A única testemunha a depor em quase duas semanas de audiências já confessou ter subornado diversos nomes ligados ao governo e à segurança pública do país, a mando do chefão.
Jesús 'El Rey' Zambada, irmão do sócio de Chapo no comando do cartel de Sinaloa, Ismael 'El Mayo Zambada', declarou diante do júri ter subornado funcionários de diversos cargos e escalões do país.
'Bode expiatório'
Logo na abertura do julgamento, a defesa de Guzmán afirmou que pretendia provar que seu cliente seria apenas um 'bode expiatório' e que Zambada teria subornado dois presidentes mexicanos para permanecer livre.
O juiz federal Brian Cogan, responsável pelo caso, criticou as declarações do advogado e pediu que ele se concentrasse em defender seu cliente das acusações por 17 crimes diferentes. Chapo pode pegar até prisão perpétua ao fim do julgamento.
Depoimento cancelado
Durante a última semana, fatos ocorridos fora da sala de audiência chamaram a atenção dos jornalistas: reuniões entre acusação, defesa e juiz a portas fechadas.
Estas reuniões deveriam ser sigilosas, mas a transcrição de uma delas vazou, mostrando que os advogados de Chapo foram impedidos de fazer perguntas a El Rey sobre pagamentos que ele teria feito a políticos.
Mais tarde, Zambada contou que levou pessoalmente duas malas com mais de US$ 3 milhões (cerca de R$ 11 milhões) em dinheiro para o ex-secretário de Segurança Nacional do México no governo do ex-presidente, Felipe Calderón.
Leia também
A testemunha também chegou a dizer que pagou uma propina de US$ 5 milhões (cerca de R$ 18 milhões) a um homem chamado Regino.
A suspeita era de que ele seria Gabriel Regino, ex-subsecretário de Segurança Pública da Cidade do México em 2005, quando o prefeito era o presidente eleito do México, Andrés Manuel López Obrador, que assume o cargo no próximo dia 1º de dezembro.
Quando a defesa de El Chapo quis questionar El Rey sobre as ligações entre Regino e López Obrador, a promotoria fez uma objeção, que o juiz manteve, encerrando o interrogatório.

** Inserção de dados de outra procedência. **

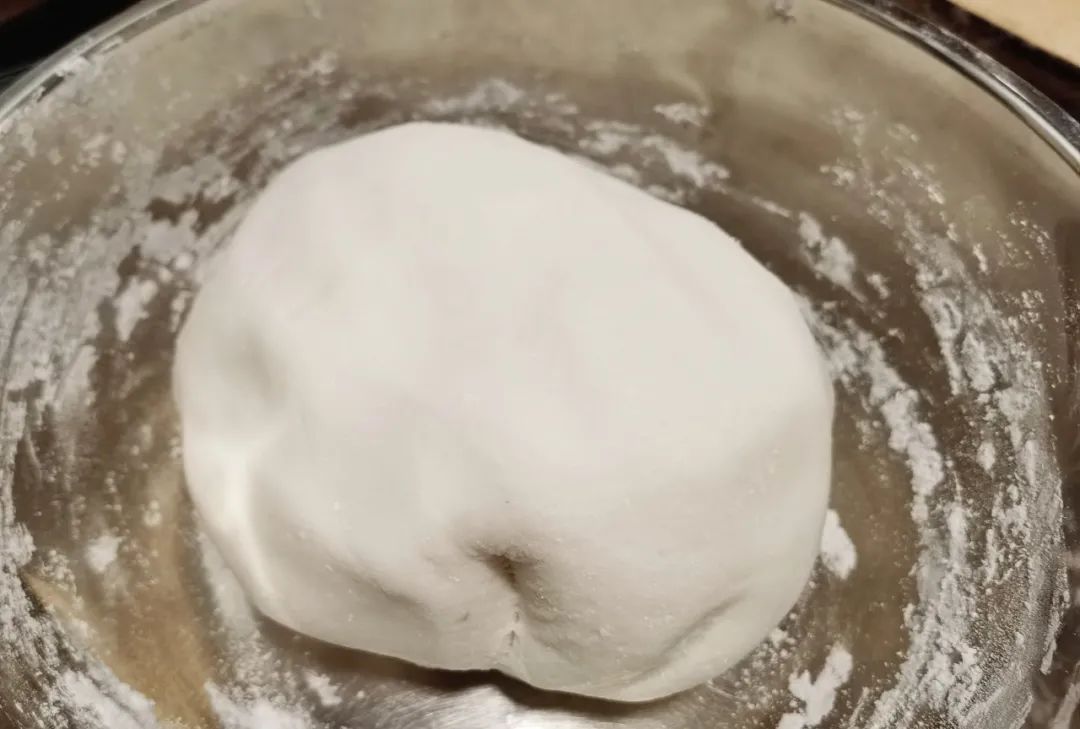 「食物恋」客家糍粑，蒸、煎都很赞，多加一种食材，软糯不粘牙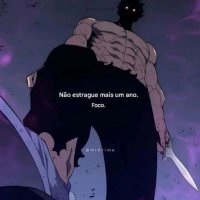 Estevam (@celos21) 's Twitter Profile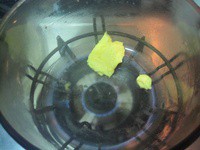 ��ʳ������������ͼƬ����2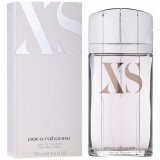 XS Pour Homme 867 ���� 51431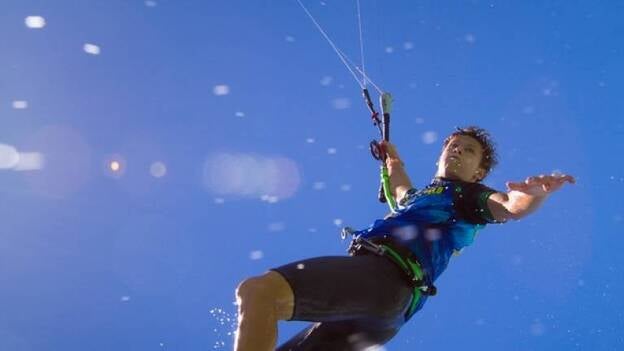 Dominio español en Fuerteventura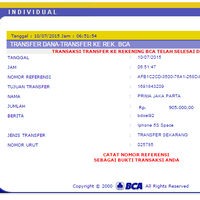 rekber-indobank-terpercaya-peduli-sesama---part-4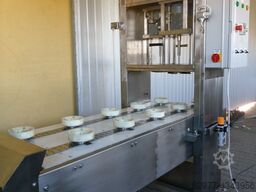 Alistar Europe KU-2400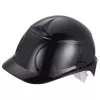 Ķivere Uvex airwing B 9762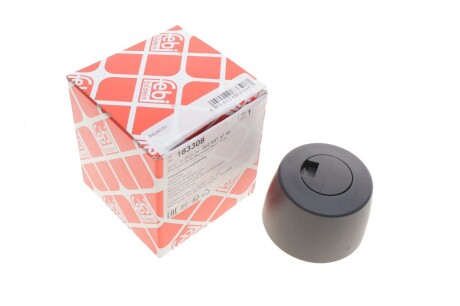 Автозапчастина FEBI BILSTEIN 183308
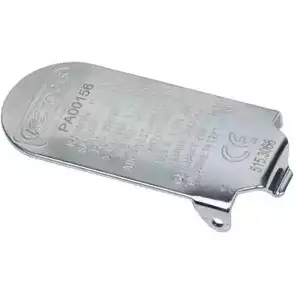 Инструмент KS TOOLS 1192314409 515.3061-R004P YB U35K LOE3JX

Segundo o juiz, a ideia era evitar que o foco do julgamento saísse de Chapo.
Perspectivas para o México
Para a jornalista canadense Dawn Paley, professora da Universidade Autônoma de Puebla, no México, a relação entre o governo e o tráfico deve ser elucidada no país justamente a partir da posse do novo presidente, Manuel López Obrador.
Ele é o primeiro presidente eleito em décadas por um partido fora do núcleo de direita formado pelo PRI e pelo PAN, que governam o país desde a década de 1950.

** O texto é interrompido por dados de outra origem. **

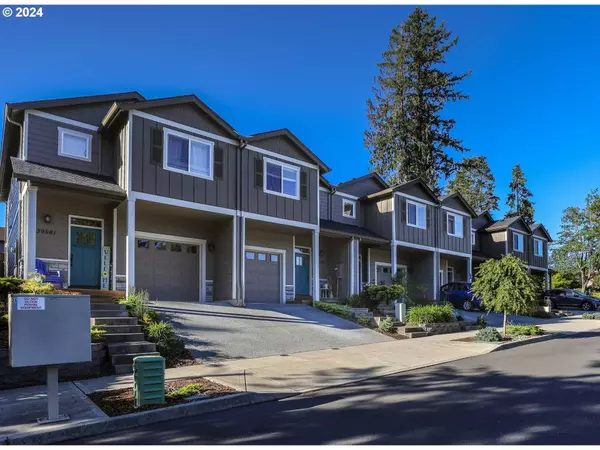 39565 MCCORMICK DR, Sandy, OR 97055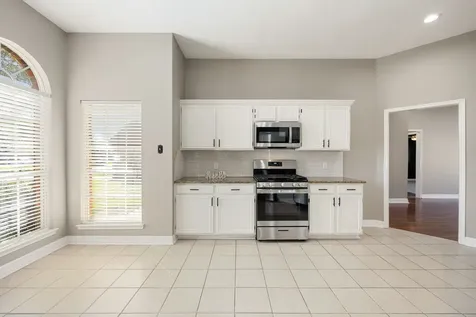 4754 Widerop Lane Friendswood TX 77546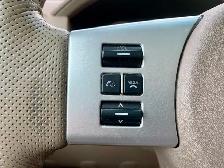 2010 PATHFINDER LOW KM LOADED CERTIFIED ALBERTA - Photo 30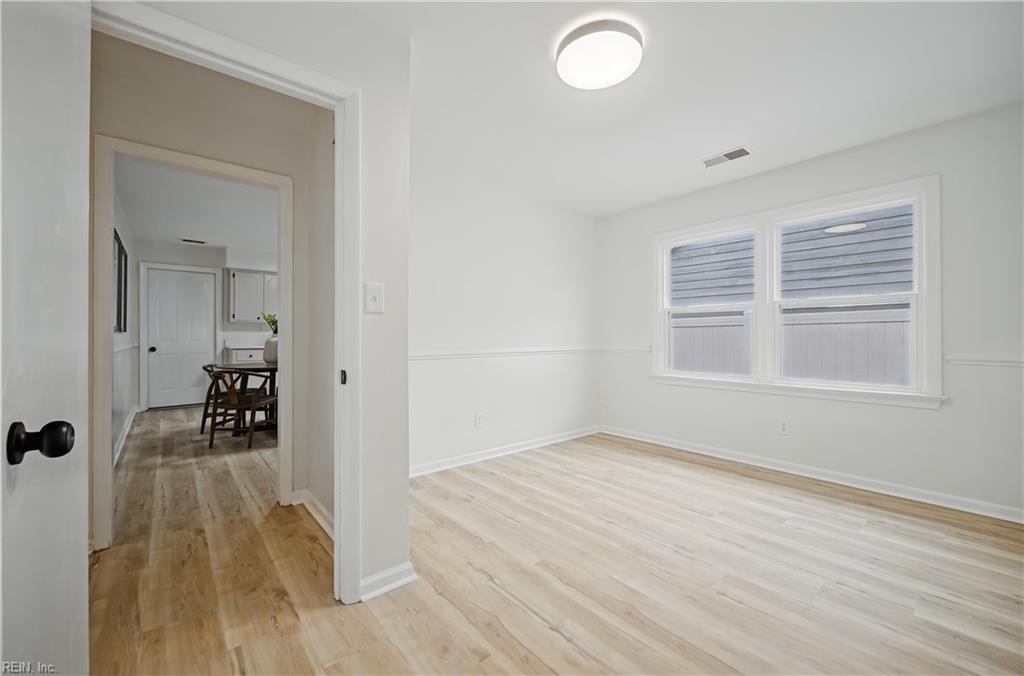900 Mediterranean Ave Property Photo 14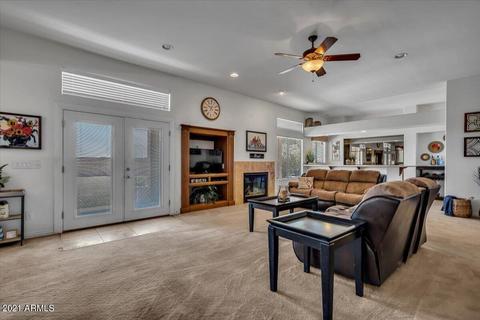 2136 N Avoca --, Mesa, AZ 85207 photo 20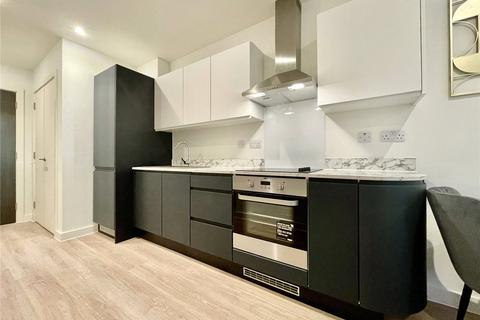 undefined, Laurence Place, 2 New Kings Head Yard, Salford, M3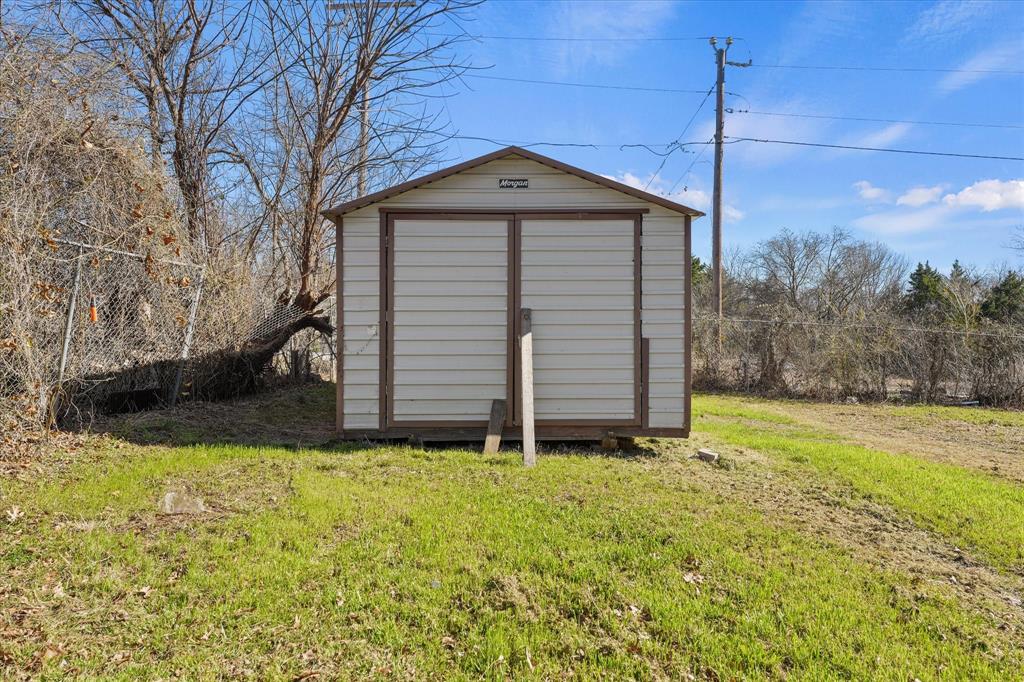9521 Dalrock Road Property Photo 34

"Com dez dias no cargo, em 2006, Felipe Calderón declarou a guerra às drogas. Embates sociais estavam no auge e, a partir disso, o país teve a maior onda de violência desde a Revolução Mexicana, com centenas de milhares de mortes", afirma Paley.
Controle da sociedade
Utilizar os militares para reprimir o narcotráfico fez com que o Estado tivesse um maior controle sobre setores que exigiam mudanças no país, segundo ela.
"A guerra às drogas serviu para limitar não apenas movimentos sociais, como qualquer tipo de organização comunitária, mobilidade social, direitos, foi um modo de conter e controlar a sociedade", afirmou a pesquisadora.
Segundo ela, isso foi mantido no governo de Enrique Peña Nieto. "É importante ficar de olho no que diz o presidente López Obrador. Algumas de suas falas estão convergindo para o centro, mas é uma chance de mudar de verdade o país", disse ela.